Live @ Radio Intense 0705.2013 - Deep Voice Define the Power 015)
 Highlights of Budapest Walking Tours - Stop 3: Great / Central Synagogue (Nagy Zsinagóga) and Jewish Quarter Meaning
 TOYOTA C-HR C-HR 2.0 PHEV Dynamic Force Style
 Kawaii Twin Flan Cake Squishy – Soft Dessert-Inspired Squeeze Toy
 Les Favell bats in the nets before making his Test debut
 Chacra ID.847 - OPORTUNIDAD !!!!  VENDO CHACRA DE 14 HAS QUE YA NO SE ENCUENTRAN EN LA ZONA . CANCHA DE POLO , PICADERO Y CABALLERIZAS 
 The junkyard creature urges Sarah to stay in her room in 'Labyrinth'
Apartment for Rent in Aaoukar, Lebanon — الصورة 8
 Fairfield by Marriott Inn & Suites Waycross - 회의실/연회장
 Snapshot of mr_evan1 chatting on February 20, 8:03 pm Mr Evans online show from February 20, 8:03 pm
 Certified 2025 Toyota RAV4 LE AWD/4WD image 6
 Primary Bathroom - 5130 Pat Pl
------
▸ What to produce
Write out the listing exactly from its first line to the line containing "Apartment for Rent". Both of those lines belong in the answer.

▸ Result of the task
Live @ Radio Intense 0705.2013 - Deep Voice Define the Power 015)
 Highlights of Budapest Walking Tours - Stop 3: Great / Central Synagogue (Nagy Zsinagóga) and Jewish Quarter Meaning
 TOYOTA C-HR C-HR 2.0 PHEV Dynamic Force Style
 Kawaii Twin Flan Cake Squishy – Soft Dessert-Inspired Squeeze Toy
 Les Favell bats in the nets before making his Test debut
 Chacra ID.847 - OPORTUNIDAD !!!!  VENDO CHACRA DE 14 HAS QUE YA NO SE ENCUENTRAN EN LA ZONA . CANCHA DE POLO , PICADERO Y CABALLERIZAS 
 The junkyard creature urges Sarah to stay in her room in 'Labyrinth'
Apartment for Rent in Aaoukar, Lebanon — الصورة 8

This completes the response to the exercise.